西麻布「明淋」

<根菜の尊厳>1大根

食べ歩き ,

<根菜の尊厳1>
木蓋が外されると、扇形に切られた大根が座っていた。
大根の潮煮である。
下茹でせず、塩と水だけで炊いたという。
大根に歯を立てる。
力入れずとも大根に歯が包まれていく。
いや正確には、緩い、緩い力を入れなくては、いけない。
その硬さというか柔らかさが。

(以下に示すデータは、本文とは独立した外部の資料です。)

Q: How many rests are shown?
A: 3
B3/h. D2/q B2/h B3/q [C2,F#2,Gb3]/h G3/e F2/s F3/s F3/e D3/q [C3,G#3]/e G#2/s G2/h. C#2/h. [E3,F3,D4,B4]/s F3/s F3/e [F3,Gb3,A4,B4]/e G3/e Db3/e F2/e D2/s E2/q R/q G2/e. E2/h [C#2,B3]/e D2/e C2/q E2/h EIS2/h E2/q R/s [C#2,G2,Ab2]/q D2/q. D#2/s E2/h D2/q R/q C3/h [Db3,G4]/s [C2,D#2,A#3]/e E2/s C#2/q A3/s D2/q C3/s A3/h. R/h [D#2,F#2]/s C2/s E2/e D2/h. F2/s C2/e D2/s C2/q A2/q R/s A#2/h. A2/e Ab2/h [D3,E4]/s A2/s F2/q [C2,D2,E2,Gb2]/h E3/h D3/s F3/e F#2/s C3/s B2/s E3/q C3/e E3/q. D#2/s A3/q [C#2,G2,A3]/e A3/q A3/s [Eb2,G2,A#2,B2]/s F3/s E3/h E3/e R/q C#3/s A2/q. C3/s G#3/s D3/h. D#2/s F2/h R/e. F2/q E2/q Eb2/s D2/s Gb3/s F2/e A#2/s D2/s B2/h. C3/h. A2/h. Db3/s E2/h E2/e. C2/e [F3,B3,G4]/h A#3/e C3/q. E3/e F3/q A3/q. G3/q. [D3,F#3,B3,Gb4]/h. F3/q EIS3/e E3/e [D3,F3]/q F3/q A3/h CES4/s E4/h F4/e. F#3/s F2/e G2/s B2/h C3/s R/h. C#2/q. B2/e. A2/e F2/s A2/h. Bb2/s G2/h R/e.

ギリギリなのであった。
大根の繊維を解放しすぎてやることのなく、精妙に火が通されている。
それゆえに、土の下でしぶとく生きてきた大根のたくましさが、歯に伝わってくる。
柔らかく炊くことは、ある意味簡単である。
だがその、ほんの少し手前で止めてやる。
その加減は、至難だろう。
噛み切ると、大根の甘さがゆっくりと染み出してきた。
それは、薄暗さの中で微かに感じる光明であり、体の中に眠りし本能が、養分を受けとる感覚が目覚める。
朴訥な養分である。
静謐な養分である。
静寂であるからこそ、希少なありがたみが体に満ちる。
次に汁を飲む。
すると、大根の慈愛が口いっぱいに広がって、喉に落ちていった。
今まで幾度も大根の茹で汁をいただいてきたが、こんなにも清廉さを伴った深みはない。
大根の皮や端材を使った出汁で煮込んだのだという。
これはもはや、うまみではない。
大根が生きてきた尊厳なのだろう。
だから最後の一滴が去り、別れを告げる時、自然と涙が滲んだ。